3. Einstellung des Verfahrens (18. März 2003)

  • Entscheidung: Der Zweite Senat des BVerfG stellt das Verfahren ein, ohne über die Verfassungswidrigkeit der NPD zu urteilen.

  • Begründung:

    • Drei von sieben Richtern sehen ein „nicht behebbares Verfahrenshindernis“ aufgrund der V-Mann-Problematik (fehlende Staatsferne).

    • Da für ein Verbot eine Zweidrittelmehrheit (mindestens sechs Richter) nötig ist, blockiert die Minderheit die Fortführung.

  • Folgen:

    • Die Frage der Verfassungswidrigkeit bleibt offen.

    • Kritik an den Sicherheitsbehörden: Der Verfassungsschutz hatte trotz laufenden Verfahrens weiter V-Leute in der NPD.

Zweites Verbotsverfahren (2013 – 2017)

Das zweite NPD-Verbotsverfahren (2013–2017): Chronologie und Fakten

1. Einleitung des Verfahrens

  • Antragstellung:

    • 14. Dezember 2012: Der Bundesrat beschließt mit großer Mehrheit (nur Hessen enthielt sich), einen Verbotsantrag gegen die NPD beim Bundesverfassungsgericht (BVerfG) zu stellen.
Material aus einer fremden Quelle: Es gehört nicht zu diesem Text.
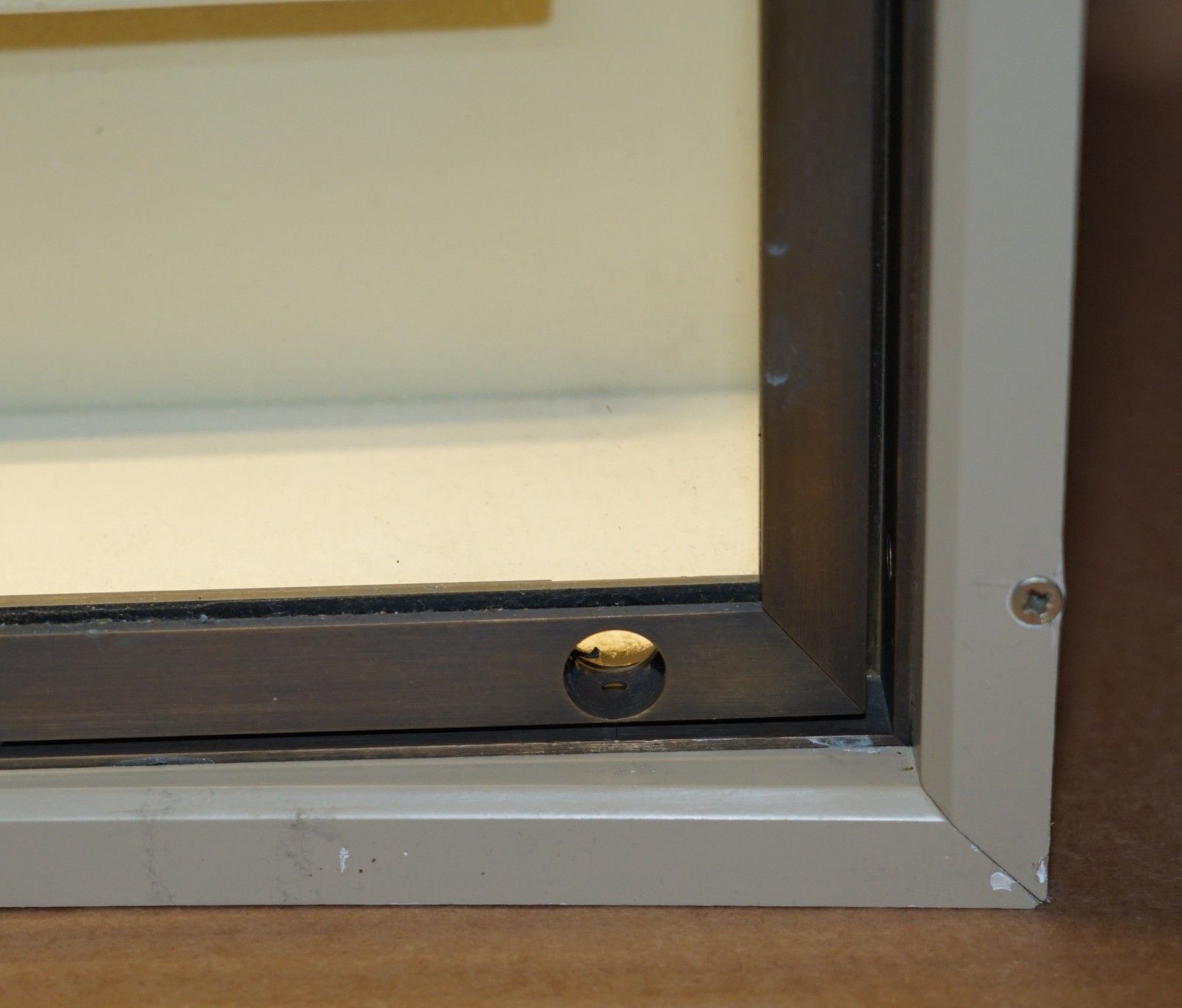 photo furniture 1 Of 3 Original Rolex Authorised Dealers Bullet Proof Glass Display Cabinets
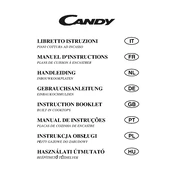 Candy PSL 750 SX manual cover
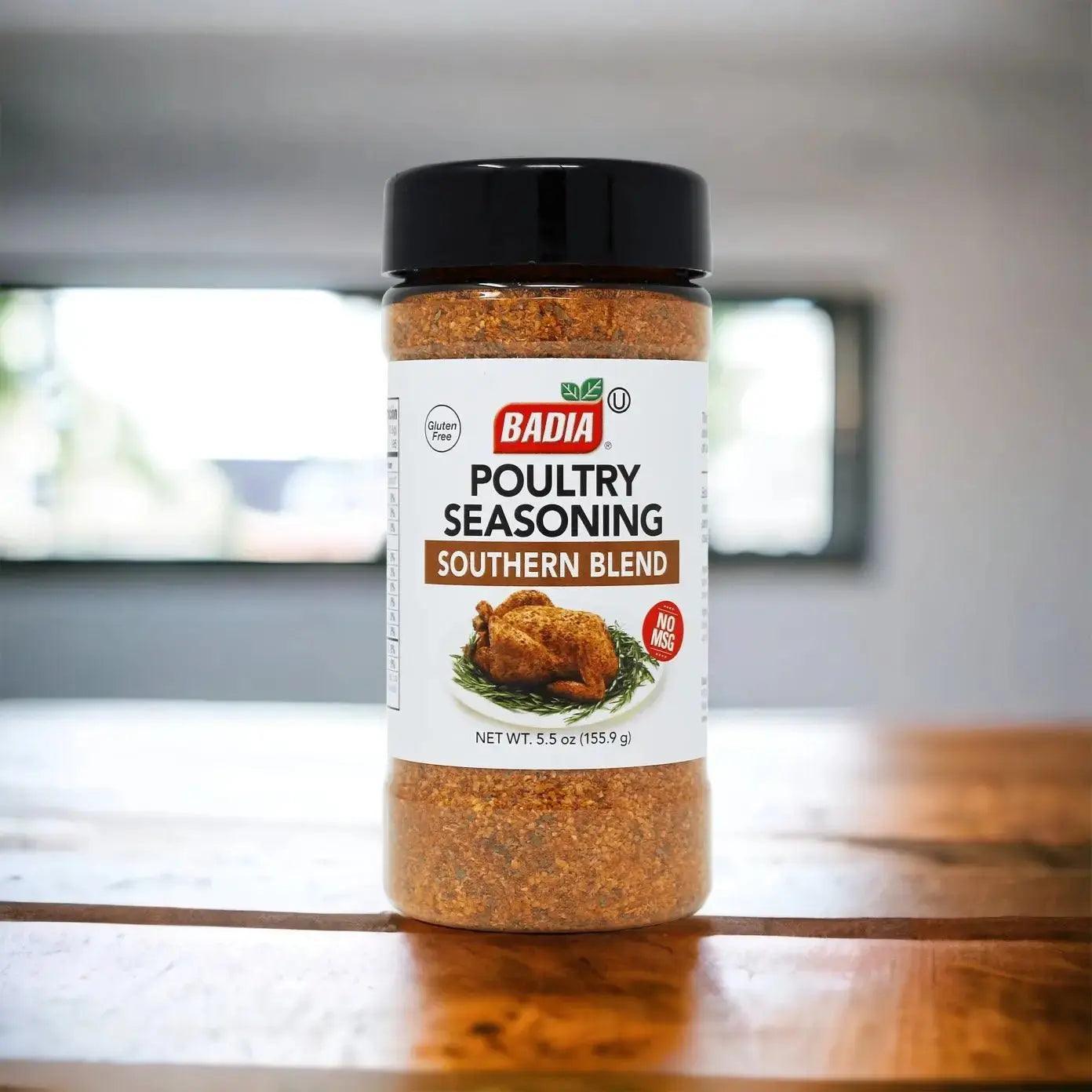 Badia Poultry Seasoning 5.5 oz (155.9g) - Honesty Sales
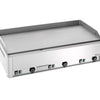 BARTSCHER - PLANCHA FRY TOP DE ACERO PLACA LISA GDP 980E G ELÉCTRICA - FONDO 58 CM - 9KW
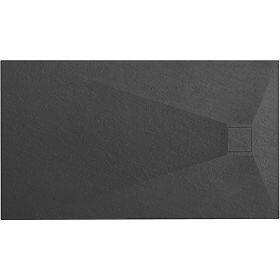 Piatto doccia Magnum Black 80x120, Rea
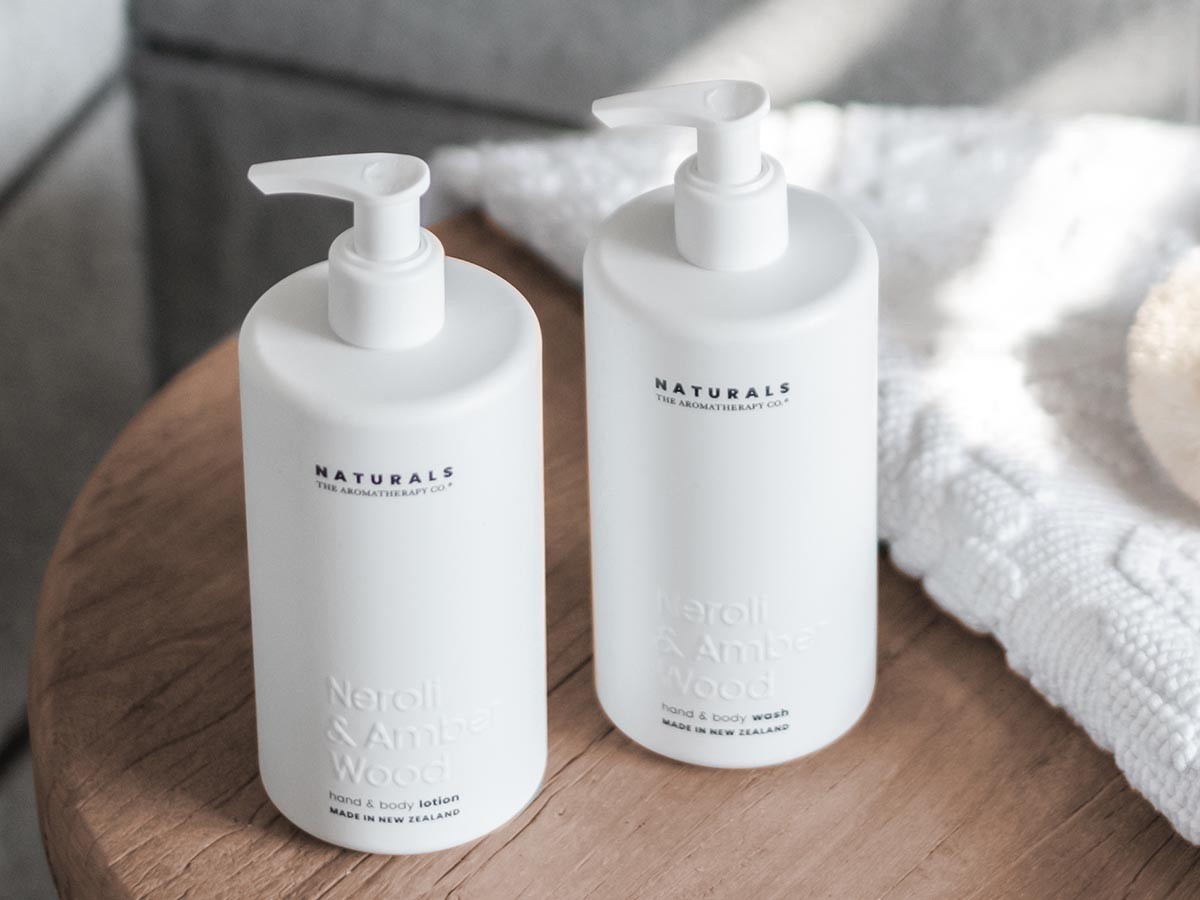 The Aromatherapy Co. Naturals Hand & Body Wash / アロマセラピーカンパニー ナチュラルズ ハンド & ボディウォッシュ（ネロリ & アンバーウッド） （インテリア雑貨 > ボディケア） 6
Bundestag und Bundesregierung beteiligen sich nicht.

    • Antragsbegründung: Die NPD verfolge verfassungsfeindliche Ziele, darunter die Beseitigung der freiheitlich-demokratischen Grundordnung (FDGO) durch ein ethnisch definiertes „Volksgemeinschafts“-Konzept. Beweismaterial stammte ausschließlich aus öffentlichen Quellen, um V-Mann-Probleme des ersten Verfahrens zu vermeiden.

2. Verfahrensverlauf

  • Mündliche Verhandlung:

    • 1.–3. März 2016: Das BVerfG prüft den Antrag in einer dreitägigen Anhörung. Die NPD bestreitet ihre Verfassungswidrigkeit und argumentiert, ihre Ziele seien demokratisch legitim.

  • Kernfragen des Gerichts:

    • Verfassungswidrigkeit: Ob die NPD die FDGO aktiv bekämpft.
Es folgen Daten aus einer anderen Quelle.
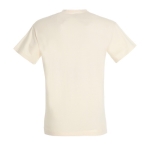 T-shirts publicitaires unisexes en 100% coton 150 g/m² SOL'S Regent couleur naturel vue arrière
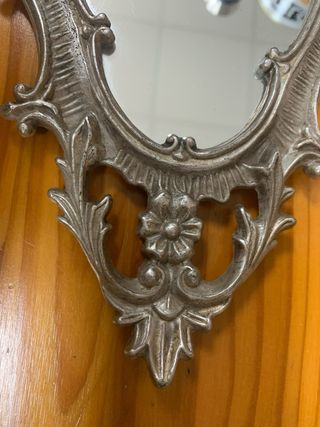 Espejo decorativo de mesa o pared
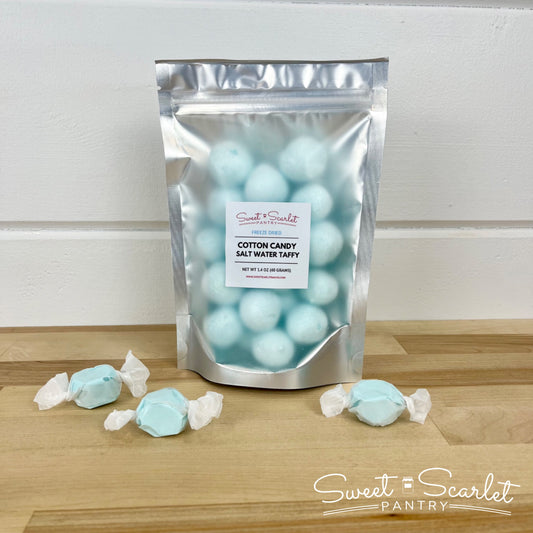Cotton Candy Freeze Dried Salt Water Taffy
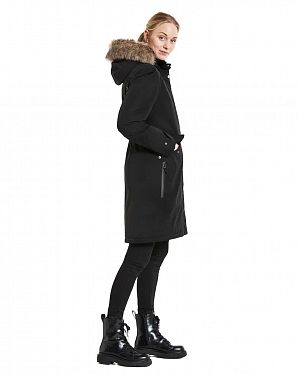 Парка женская Didriksons Erika 504303 Black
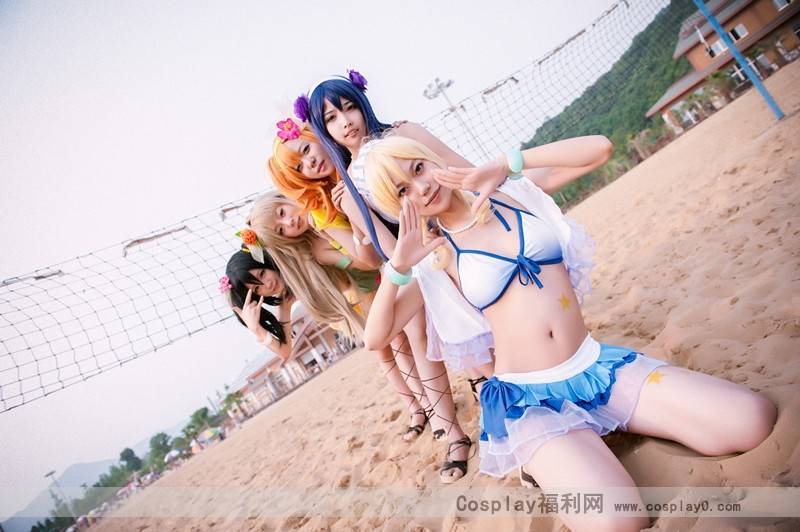 Cosplay福利/LoveLive!歌谣祭南小鸟水着cosplay美女福利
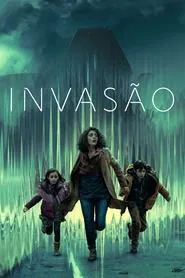 Poster da série Invasão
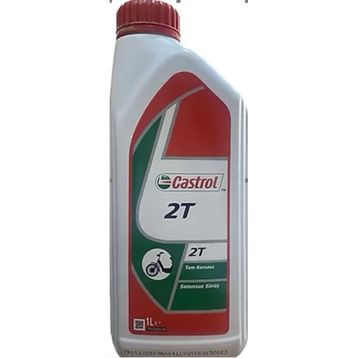 Castrol 2t 1 Lt 8'li 2 Zamanlı Mineral Bazlı Motosiklet Yağı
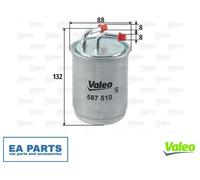 Fuel filter for SEAT CORDOBA IBIZA TOLEDO VALEO 587510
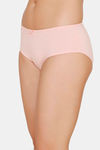 Zivame Anti-Microbial Low Rise Full Coverage Hipster Panty (Pack of 3) - Multicolor — thumbnail 12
    • Potentialität: Ob ihre Handlungen Erfolgsaussichten haben.

3. Urteil des Bundesverfassungsgerichts (17. Januar 2017)

  • Entscheidung: Der Verbotsantrag wird einstimmig abgelehnt. Die NPD bleibt erlaubt, obwohl sie als verfassungsfeindlich eingestuft wird.

  • Begründung:

    1. Verfassungswidrige Ziele:

      Die NPD strebe einen „ethnischen Nationalstaat“ an, der die Menschenwürde (Art. 1 GG) und Demokratie (Art. 20 GG) missachte.
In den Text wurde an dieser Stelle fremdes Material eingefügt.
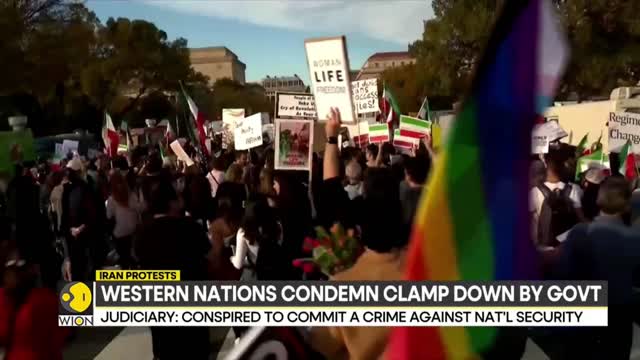 Court in Iran issues first death sentence amid anti-hijab protests/1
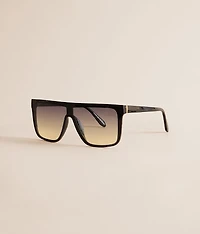 Gradient Shield Sunglasses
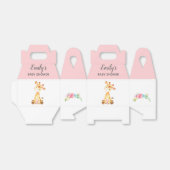 Ballotins Ballotin Giraffe (Baby shower fille / Anniversaire (Déplié)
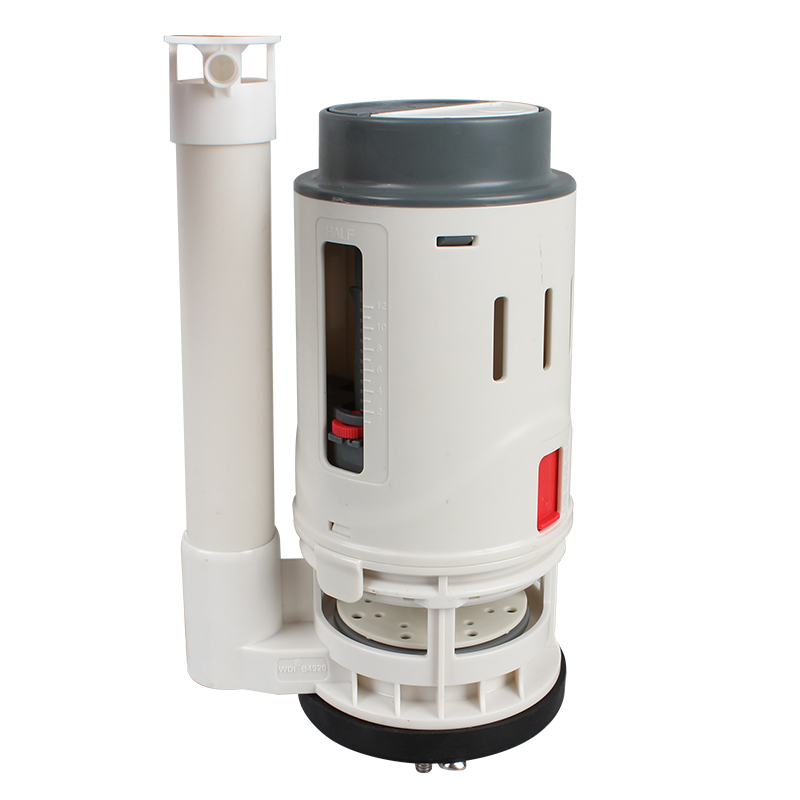 WDI威迪亚马桶水箱配件坐便器排水阀出水器冲水阀门双排19cm矮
      Die NPD vertritt die Auffassung des deutschen Abstammungsprinzips

      • Aussiedler/Spätaussiedler, Deutsch-Ungarn (Ungarndeutsche), Russlanddeutsche:

        • Personen deutscher Abstammung aus Osteuropa (z. B. Russlanddeutsche, Deutsch-Ungarn), die seit den 1950er Jahren nach Deutschland einwandern durften, gelten als Deutsche.

        • Rechtliche Grundlage: Bundesvertriebenengesetz (BVFG) – Anerkennung als „deutsche Volkszugehörige“ bei Nachweis von Sprache, Kultur oder Abstammung.

        • Art. 116 GG:
          Erweiterte den Begriff „Deutscher“ über Staatsangehörige hinaus auf „Statusdeutsche“ – darunter Vertriebene deutscher Volkszugehörigkeit aus Osteuropa (z. B. Sudetendeutsche). Dies war eine Reaktion auf die Folgen des Zweiten Weltkriegs.

        • DDR-Bürger als Deutsche:
          Trotz Teilung behielt die Bundesrepublik die Auffassung bei, dass DDR-Bürger deutsche Staatsangehörige seien, basierend auf dem RuStAG von 1913.

      Massive Änderung im Jahr 1999, was die NPD ablehnt.

    2. Fehlende „Potentialität“:

      • Keine konkreten Anhaltspunkte, dass die NPD die FDGO gefährden könne.

      • Geringe Wahlergebnisse (z. B. 1,3 % bei der Bundestagswahl 2013) und fehlende parlamentarische Verankerung.

    3. Keine systematische Gewalt:

      • Einzelne Gewalttaten von Mitgliedern reichten nicht für ein Verbot. Diese seien strafrechtlich zu ahnden.